Dataset items:
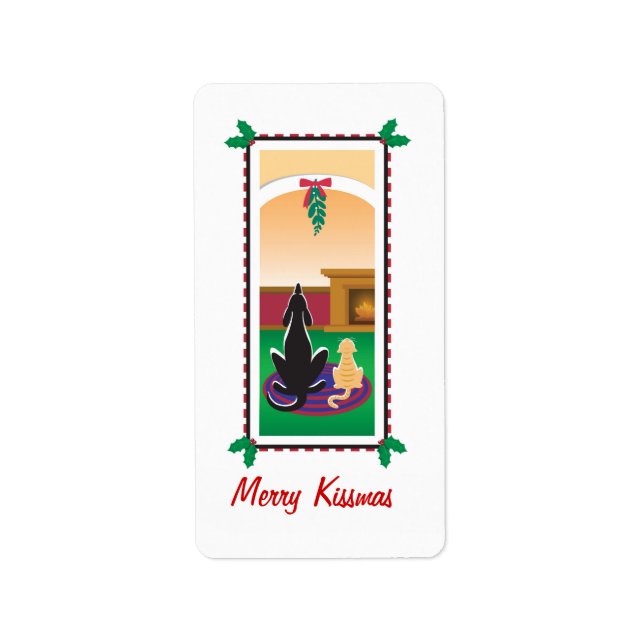 Étiquette WagsToWish_Merry Kissmas emballage cadeau (Devant)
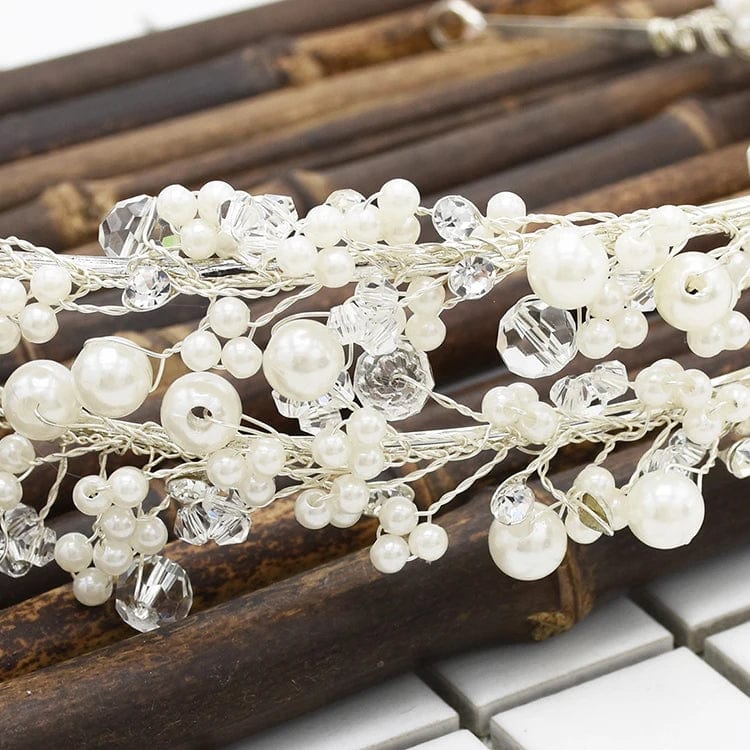 White New Fashion Wedding Pearl Crystal Bride Tiara Hand-woven Headband Hair Accessories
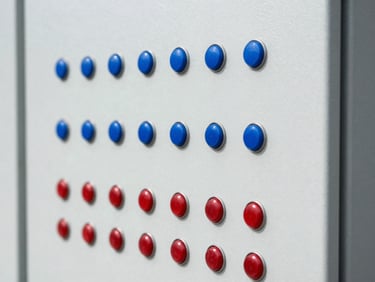 Close-up of a clean, professionally wired industrial electrical panel with blue and red indicator lights, sharp focus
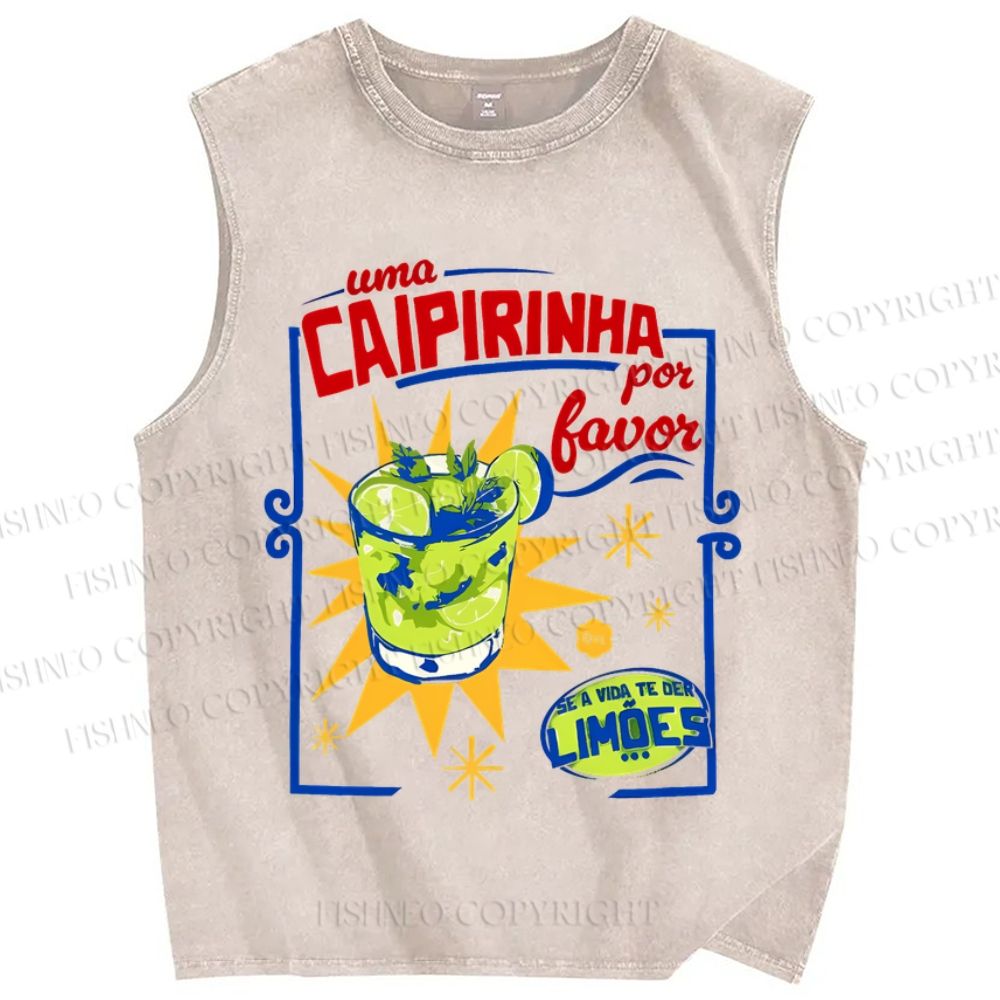 Unisex Caipirinha Drink Poster Printed Washed Tank Top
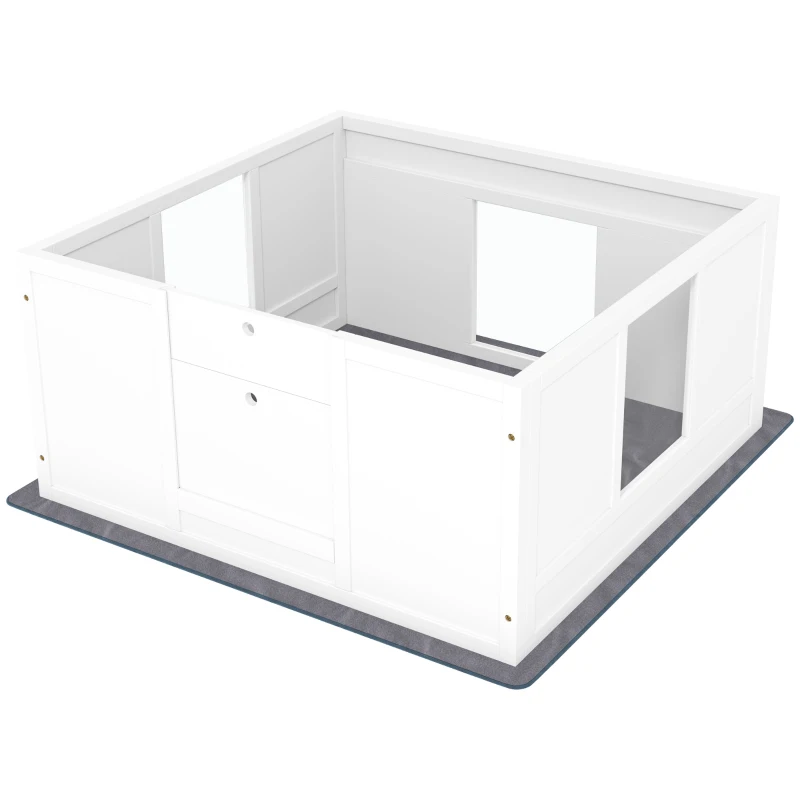 PawHut Whelping Box for Dogs with Whelping Pad, Adjustable Entrance, Non-slip Foot Pads, for Medium Dogs, 100 x 96cm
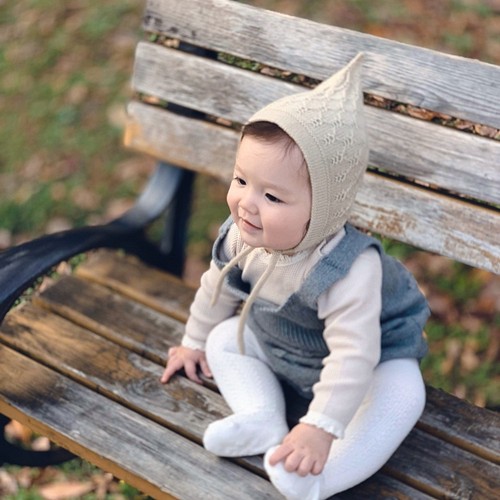 0～3ヶ月 サイズ 極細メリノウールのボンネット (ソフトベージュ) ニット帽 ♡ 赤ちゃん帽 ♡ ベビー帽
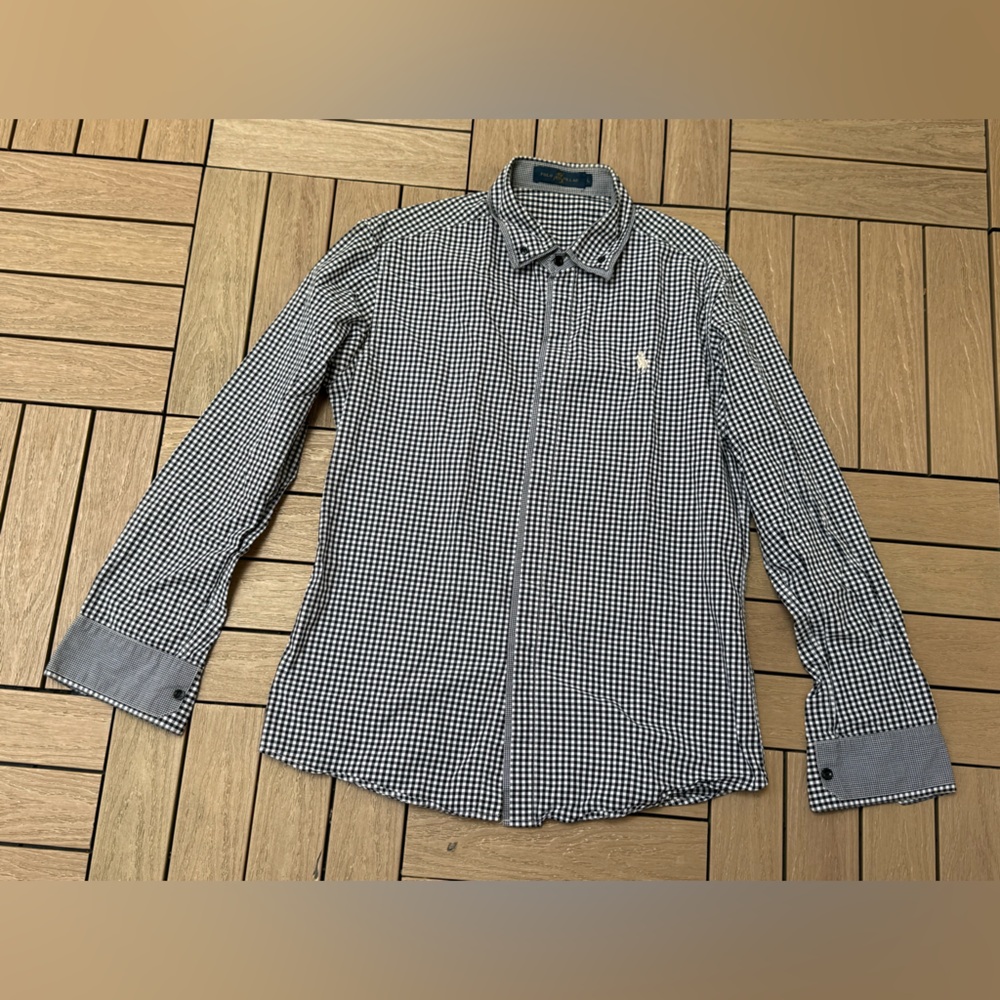 Polo Villae black and white plaid button down shirt
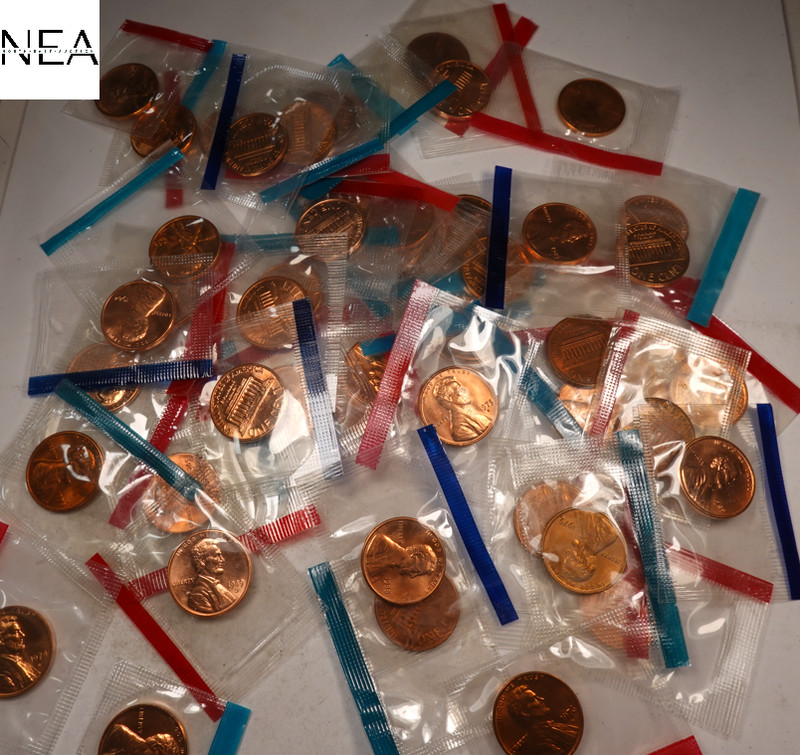 (50) Mixed Lincoln Memorial Penny Cent Roll ~ Uncirculated/BU (Mint CELLO) ~PR79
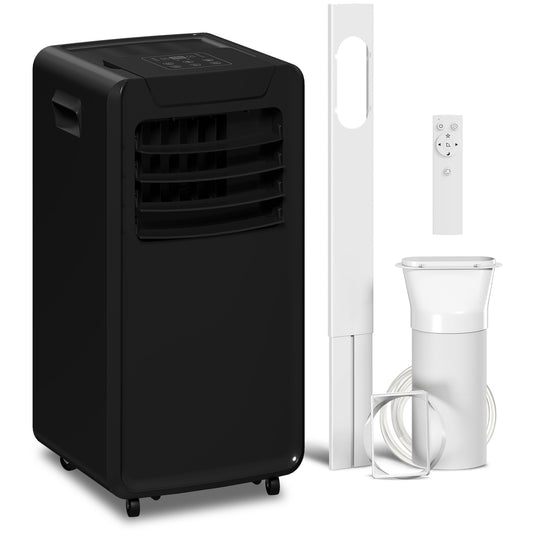 Photo of HOMCOM Air Conditioning Unit 10000 BTU, 4-in-1 Portable Air Conditioner with Remote Control, LED Display, 2 Speeds, Black in Black colour on a white background
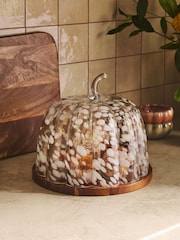 Clear Confetti Glass Pumpkin Cloche Wood Base - Image 1 of 6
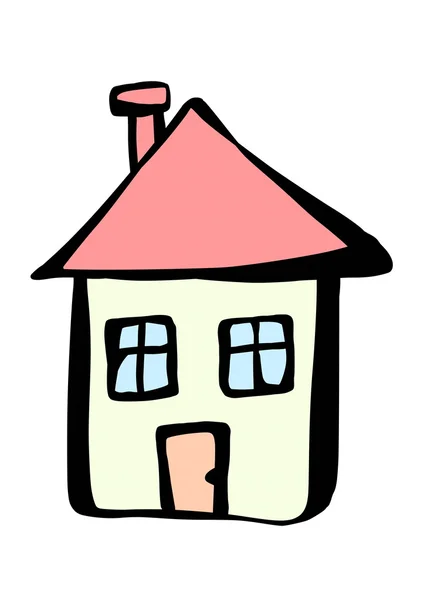 Evi çizgi film elle çizilmiş doodle — Stok fotoğraf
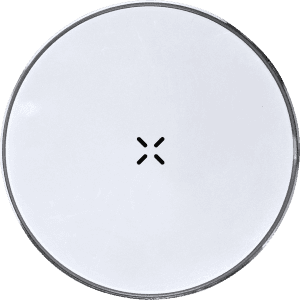 A wireless charger in a sleek circular design, featuring a white surface and a logo in the centre.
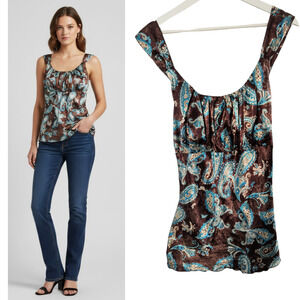 Satin Paisley Print Babydoll Top Women's Size 1X Brown Blue Sleeveless Tie Waist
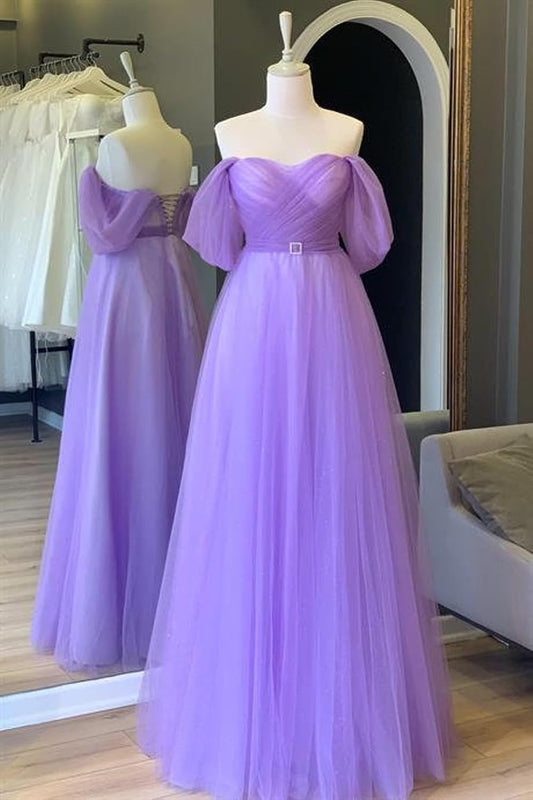 Glitter Tulle Prom Dresses Off The Shoulder Sweetheart Puffy Long Evening Gowns for Women 2027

### Assignment
The result is an exact copy of the lines from the one holding "Satin Paisley Print" through the final line of the data above, both ends included, minus the pictures.

### Answer to this problem
 Satin Paisley Print Babydoll Top Women's Size 1X Brown Blue Sleeveless Tie Waist
 Glitter Tulle Prom Dresses Off The Shoulder Sweetheart Puffy Long Evening Gowns for Women 2027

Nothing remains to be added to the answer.